Ontario civil | Civil Procedure
GENERAL
No contractual duty to edit broadcast in favourable manner
Plaintiffs made business proposal on reality show “Dragon’s Den”. Plaintiffs alleged that version of proposal that was broadcast had been edited in such way as to completely misrepresent merits of business plan. Plaintiffs alleged that defendant’s conduct amounted to gross and reckless negligence, intentional misconduct, malice and bad faith. Plaintiffs brought action based on breach of contract, defamation, negligence and injurious falsehood. Defendant brought motion for summary judgment. Motion judge concluded that comprehensive release amounted to express and unambiguous release of all claims advanced in statement of claim and that there was no reason not to give effect to release. Plaintiffs appealed. Appeal dismissed.
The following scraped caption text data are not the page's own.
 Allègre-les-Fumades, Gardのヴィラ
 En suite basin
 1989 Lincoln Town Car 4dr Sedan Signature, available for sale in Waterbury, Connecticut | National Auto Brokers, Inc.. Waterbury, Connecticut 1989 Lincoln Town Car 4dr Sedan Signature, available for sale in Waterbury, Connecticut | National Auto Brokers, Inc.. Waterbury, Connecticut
Motion judge was correct to conclude that no trial was needed to assess effect of release, as there were no material facts in dispute. Release gave defendant sole discretion to edit recording as it saw fit and to portray factual, fictional or defamatory image of plaintiffs. There was no stand-alone duty of good faith independent from terms expressed in contract. In circumstances there could be no contractual duty to edit broadcast in favourable manner. Misconduct complained of was not extraneous to contract or outside scope of release and exclusion clause but it fell squarely within terms of release. Giving effect to consent and release did not defeat objectives of agreement between parties.
MHR Board Game Design Inc. v. Canadian Broadcasting Corp. (Dec. 3, 2013, Ont. C.A., M. Rosenberg J.A., Paul Rouleau J.A., and G. Pardu J.A., File No. CA C57441) Decision at 229 A.C.W.S. (3d) 994 was affirmed. 235 A.C.W.S. (3d) 83.